At his talk at the Putnam (one of 200-plus Smithsonian affiliates nationwide), Saha will take the audience into the mind of the curator and ask, “How do you curate a national exhibition when there are so many stories and so many possible artifacts? How do you make these impossible choices?” he said in a Monday, April 27th phone interview.
“And we're calling the exhibition ‘American Aspirations,’ but how do you curate aspiration? How do you curate dreams”?” he asked. “So I'm going to take the visitors through five choices, curatorial choices that we made, or five prominent curatorial choices that we made between equally extraordinary objects, some stories that we wanted to, but ultimately couldn't include because of course we can't include everything. And I'm really excited to share that. I think it was some of the most challenging and still rewarding aspects of the work I've done over the last year and a half as project director.”
“The distance between the dreams and the reality is the engine of change in America,” Saha added. “And everyone has sought in their own way to realize those ideals first expressed in the Declaration that have animated so many Americans. And even if they haven't always agreed with them. At least inspired them to either reach for or to contest or to challenge or demand, as it were, something else. And so that difference between promise and reality is this extraordinary story of America for the last 250 years.”

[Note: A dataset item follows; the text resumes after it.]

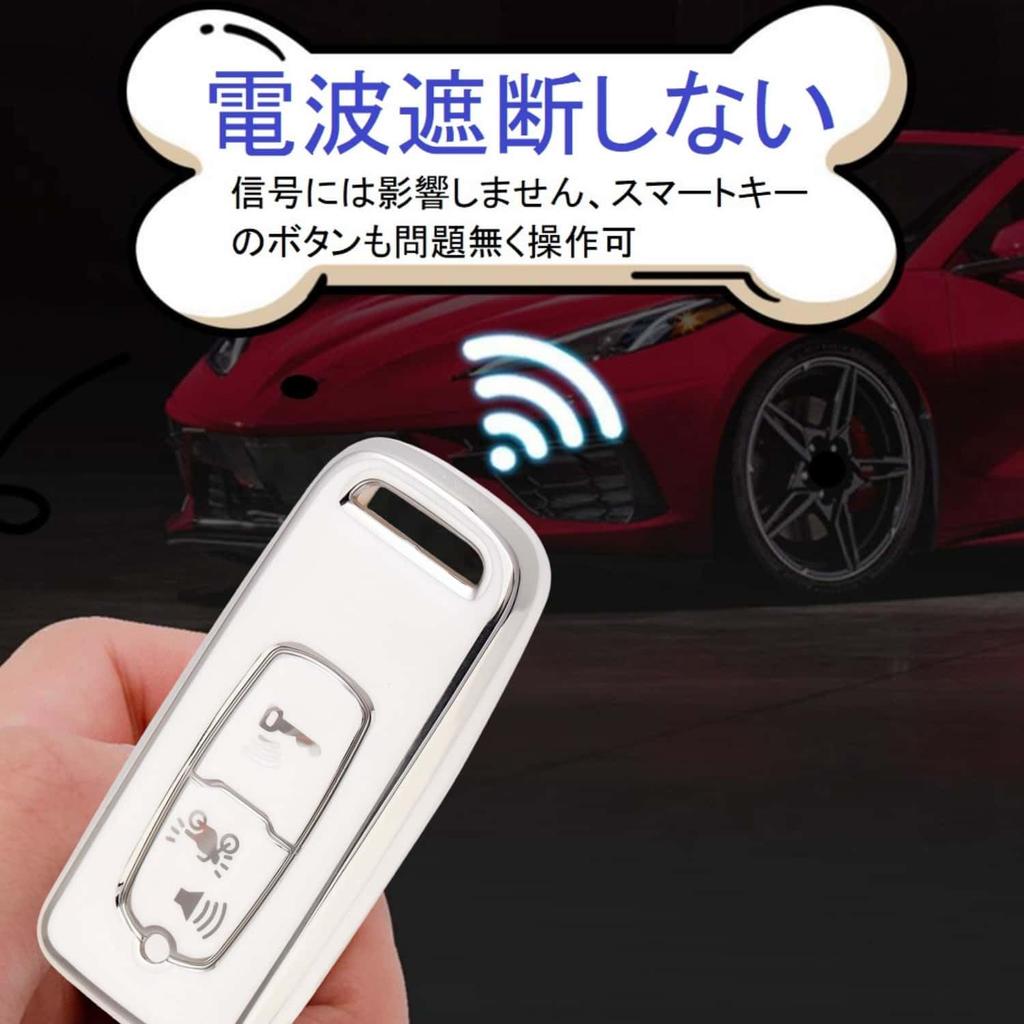 Key Case for Honda Motorcycle PCX Key Cover Cute Car Smart Key Case Key Holder Panda Silver White [HOYZE] 150/125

From millions of objects stewarded by the Smithsonian, this new exhibition brings together artifacts that do not flatten complexity or sanitize struggle. Thomas Jefferson’s writing desk (where he penned the Declaration of Independence in Philadelphia) stands beside Harriet Tubman’s hymnal and Martin Luther King Jr.’s handwritten “I Have a Dream” speech — not as isolated icons, but as voices in an unfinished conversation.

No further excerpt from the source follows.